Sore itu saya berjalan di sepanjang pantai, melihat warga sekitar yang juga sedang menikmati pantai. Banyak cara yang dilakukan warga sekitar untuk menikmati Liang. Salah satunya yang menarik perhatian saya adalah memancing. Awalnya saya berpikir, apa yang mereka lakukan? Bukankah memancing itu di tengah laut dan bukan dari pinggir pantai? Apakah ada ikan yang mau mampir hingga ke pinggir pantai dan tertipu oleh umpan mereka?

Namun, ternyata di Liang, memancing ikan dari pinggir pantai adalah hal yang mudah. Yang dilakukan warga setempat hanya melemparkan tali pancing mereka sejauh yang mereka bisa, tunggu lima menit, kemudian sebuah ikan akan terjebak dan hinggap di kail mereka. Dan hasil tangkapan mereka pun banyak. Saya melihat di setiap kantong plastik yang mereka kumpulkan, setidaknya ada lebih dari lima ikan dan cukup untuk makan malam satu keluarga.

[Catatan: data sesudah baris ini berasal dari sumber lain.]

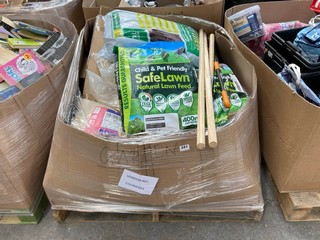 PALLET OF ASSORTED GARDEN ITEMS TO INCLUDE 14KG BAG OF WESTLAND CHILD & PET FRIENDLY SAFE LAWN NATURAL LAWN FEED: LOCATION - B7 (KERBSIDE PALLET DELIVERY)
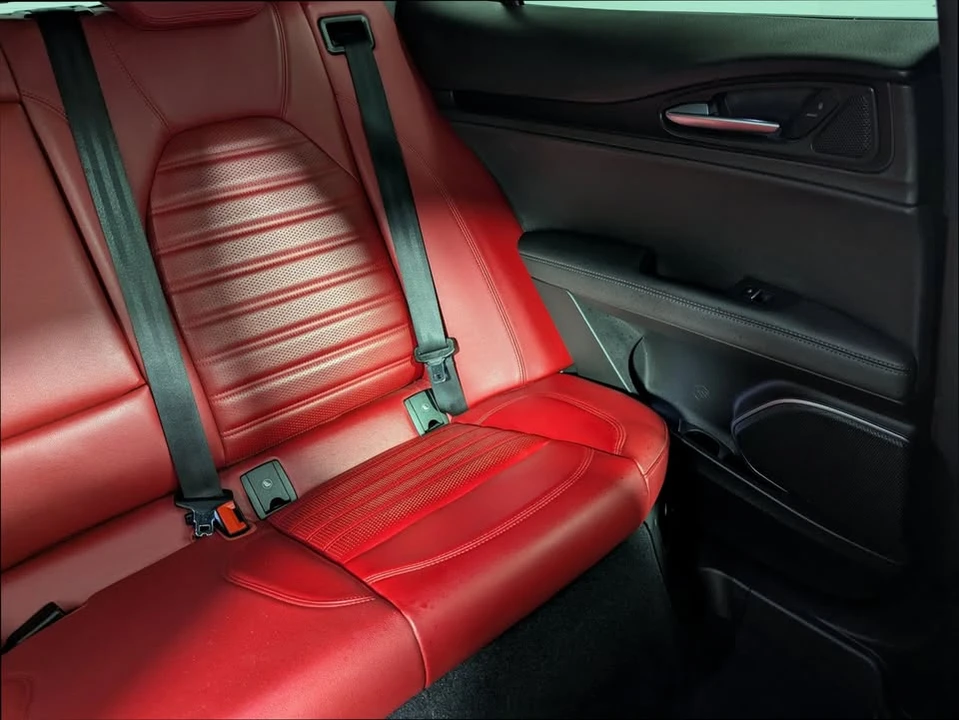 2023 Alfa Romeo Stelvio - Image 13 of 19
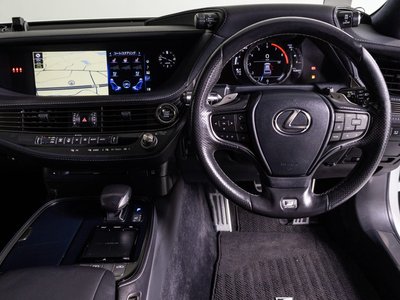 صورة مصغرة 36 لـ 2020 Lexus LS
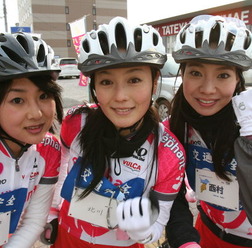 　女優・北川えり（32）が3月2日に千葉県館山市で開催されたサイクリングイベント「菜の花サイクリング」に参加。片山右京がプロデュースした女性だけの自転車チーム「チームエレファント」のメンバーとともに、距離60kmを走破した。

Di tempat lain sekitar Liang, ada sebuah dermaga kecil. Dermaga ini digunakan sebagai arena bermain anak-anak dan sebagai tempat duduk-duduk santai. Banyak juga yang memanfaatkan dermaga ini menjadi semacam papan loncat indah sebelum akhirnya mereka nyebur ke laut. 

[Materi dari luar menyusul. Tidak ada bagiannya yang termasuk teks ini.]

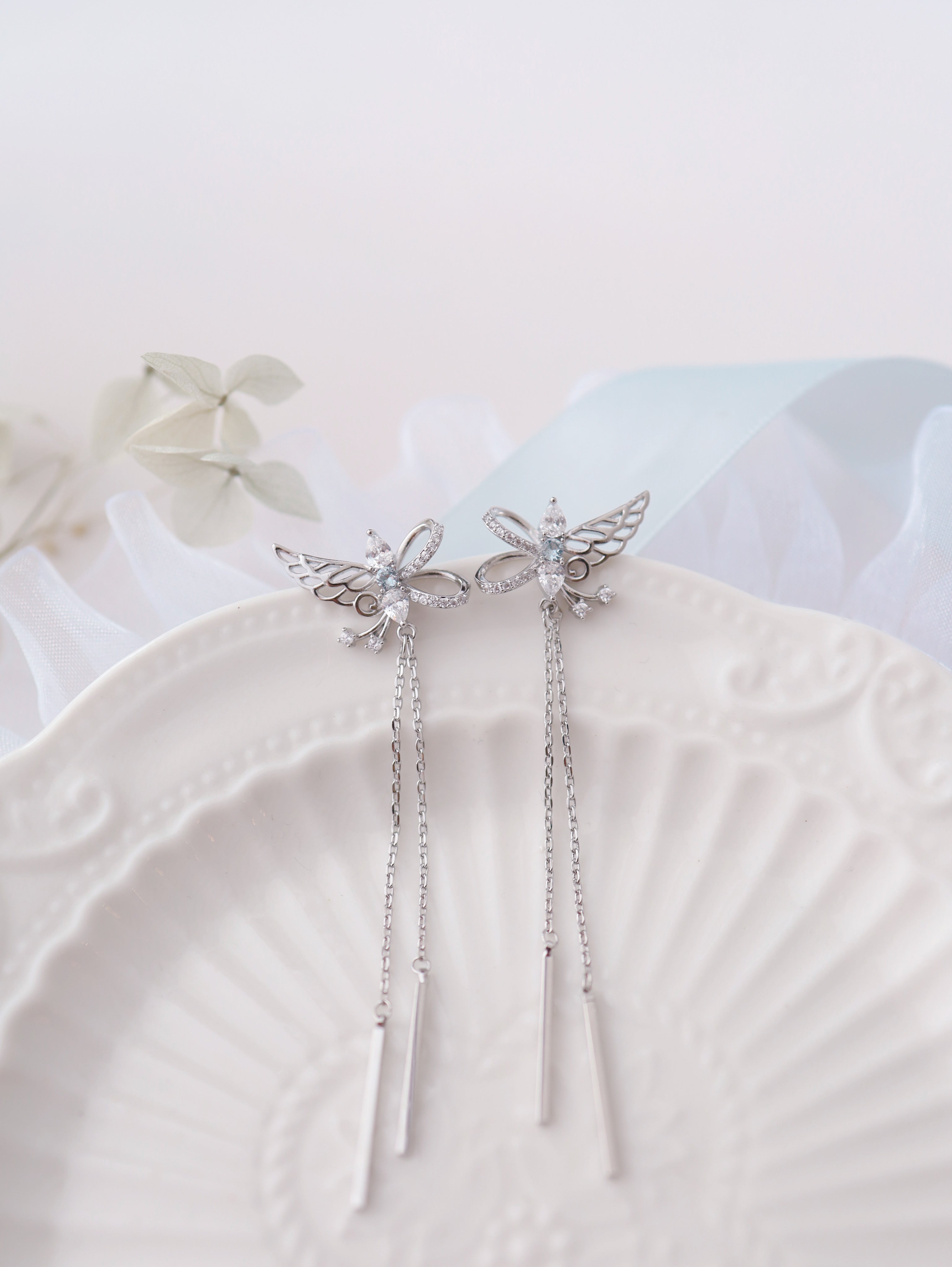 ♥人気再販♥ Wings of Blue Fairy ピアス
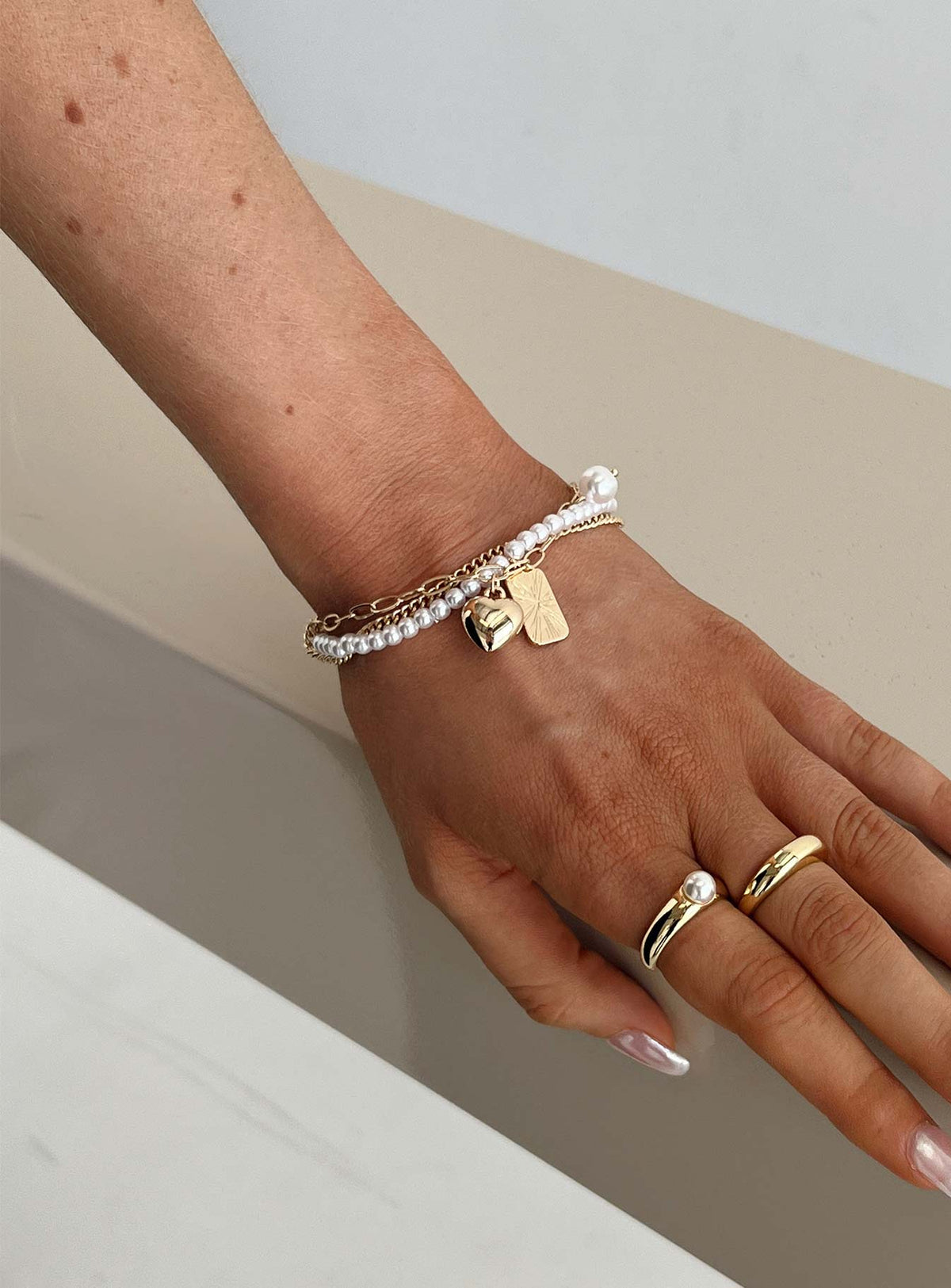 Daintree Charm Bracelet Gold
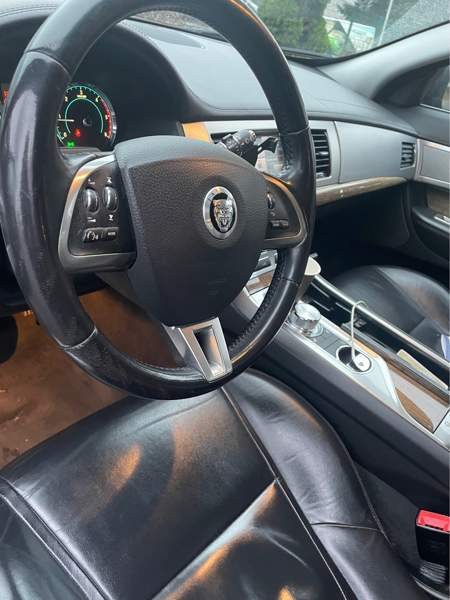 Jaguar XF Espoo - valokuva 7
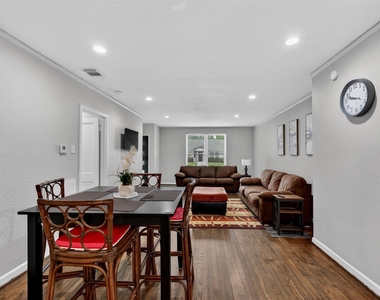 3863 Arbor Street - Photo Thumbnail 16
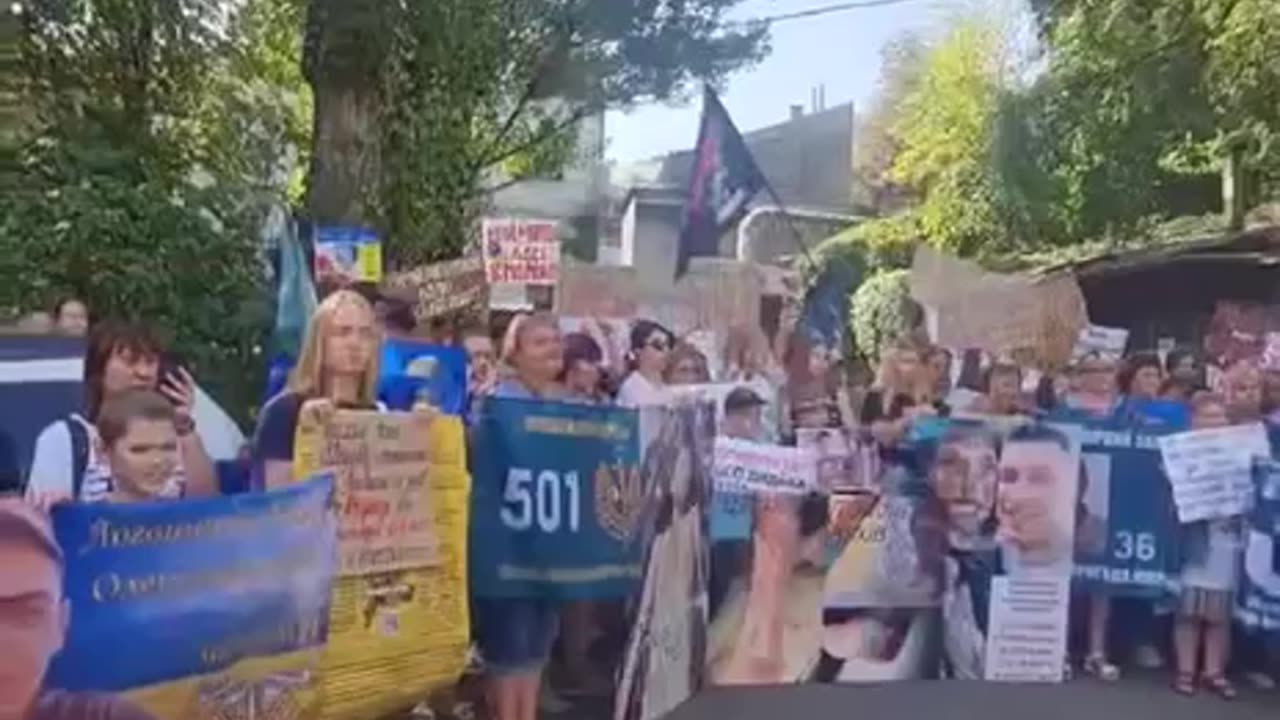 Relatives of prisoners of war gathered near the Kyiv office of the International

Pantai Liang sungguh sebuah tempat indah dengan atmosfir yang menyenangkan. Saya berharap Pantai Liang akan terus dibiarkan seperti ini dan dijaga keasliannya oleh warga setempat. Semoga saja tak ada investor rakus yang ingin menyulap tempat ini menjadi sebuah hotel mewah atau bangunan sejenisnya hanya demi keuntungan mereka semata. Saya khawatir, jika itu terjadi maka tidak semua orang akan bisa menikmati indahnya pantai ini. Semoga saja itu tidak terjadi. Semoga indahnya Pantai Liang akan terus bisa bebas dinikmati, hingga suatu saat ketika saya kembali nanti. 

Pantai Liang, Ambon


Thursday, February 28, 2013

#CeritaMaluku : Snorkeling di Pulau Pombo

Pagi itu saya dan Risty diantar oleh Amrin, host kami di Ambon pergi ke Pantai Liang. Untuk mencapai Liang, kami naik angkot dari terminal Ambon. Perjalanan ditempuh selama kurang lebih 45 menit. Sekitar pukul 10 WIT kami tiba di Liang. Amrin langsung mengajak kami bertamu ke sebuah rumah. 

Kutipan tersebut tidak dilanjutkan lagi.